Quite a few important arguments can be made against this. Most notably:

  • Exceptions are exceptional things; they violate the rules of 'normal operation' in many ways already, so they might as well violate encapsulation and interface-level abstraction as well.
  • The benefit of having a meaningful stack trace and to-the-point error information often outweighs OOP correctness, as long as you don't leak internal program information past the UI barrier (which would be information disclosure).
  • Wrapping every inner exception in a suitable outer exception type can lead to lots of useless boilerplate code, which defeats the entire purpose of exceptions (namely, implement error handling without polluting the regular code flow with error handling boilerplate).

That said, catching and wrapping exceptions often does make sense, if only to add additional information to your logs, or to prevent leaking internal information to the end user. Error handling is still an art form, and it's hard to boil it down to a few general rules. Some exceptions should be bubbled, others shouldn't, and the decision also depends on context. If you're coding a UI, you don't want to let anything through to the user unfiltered; but if you're coding a library that implements some network protocol, bubbling certain exceptions is probably the right thing to do (after all, if the network is down, there is little you can do to enhance the information or recover-and-continue; translating NetworkDownException to FoobarNetworkDownException is just meaningless cruft).


First of all, what you're doing here is not rethrowing an exception. Rethrowing would be to literally throw the same exception, like this:

try {
} catch (Exception $Exc) {
    throw $Exc;

Obviously, this is a bit pointless. Rethrowing is for circumstances where you want to release some resources or log the exception or whatever else you might want to do, without stopping the exception from bubbling up the stack.

What you are doing already is replacing all exceptions, no matter what the cause, with a DoohickeyDisasterException. Which may or may not be what you intend to do. But I would suggest that any time you do this, you should also do as you suggest and pass the original exception as an inner exception, just in case it is useful in the stack trace.
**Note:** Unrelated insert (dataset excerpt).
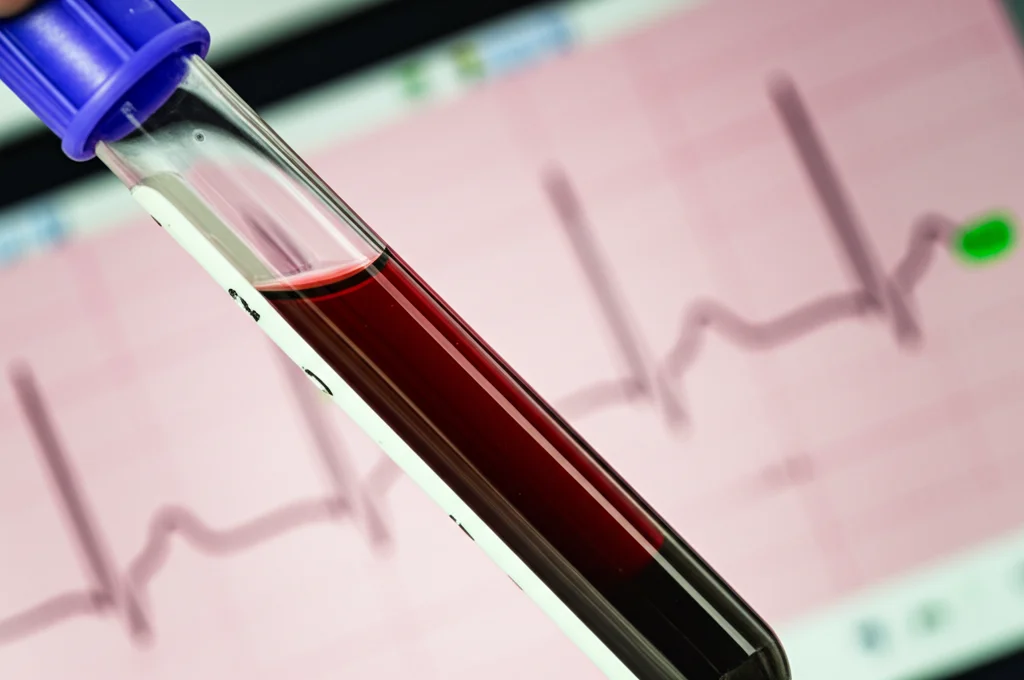 Primo piano macro di una provetta di sangue con sfondo sfocato di un monitor ECG che mostra un ritmo cardiaco alterato, illuminazione controllata da laboratorio focalizzata sulla provetta, lente macro 90mm, alta definizione dei componenti sanguigni visibili.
But this is not about leaky abstractions, that's another issue.

To answer the question of whether a rethrown exception (or indeed an uncaught exception) can be a leaky abstraction, I would say that it depends on your calling code. If that code requires knowledge of the abstracted framework then it is a leaky abstraction, because if you replace that framework with another then you have to change code outside of your abstraction.

For example, if DoohickeyDisasterException is a class from the framework and your calling code looks like this, then you have a leaky abstraction:

try {
} catch (DoohickeyDisasterException $Exc) {
    echo "The Doohickey is all wrong!";
    echo $Exc->getMessage();

If you replace your third-party framework with another, which uses a different exception name, and you have to find all these references and change them. Better to create your own Exception class and wrap the framework exception in it.

If, on the other hand, DoohickeyDisasterException is one of your own making then you're not leaking abstractions, you should concern yourself more with my first point.


The rule I try to go by is: wrap it if you caused it. Similarly, if a bug were to be created because of a runtime exception, it should be some sort of DoHickeyException or MyApplicationException.

What that implies is that if the cause of the error is something external to your code, and you're not expecting it to fail then fail gracefully and rethrow it. Likewise, if it's a problem with your code, then wrap it in a (potentially) custom exception.

For instance, if a file is expected to be on disk, or a service is expected to be available, then handle it gracefully and re-throw the error so that the consumer of your code can figure out why that resource is unavailable. If you created too much data for some type, then it's your error to wrap and throw.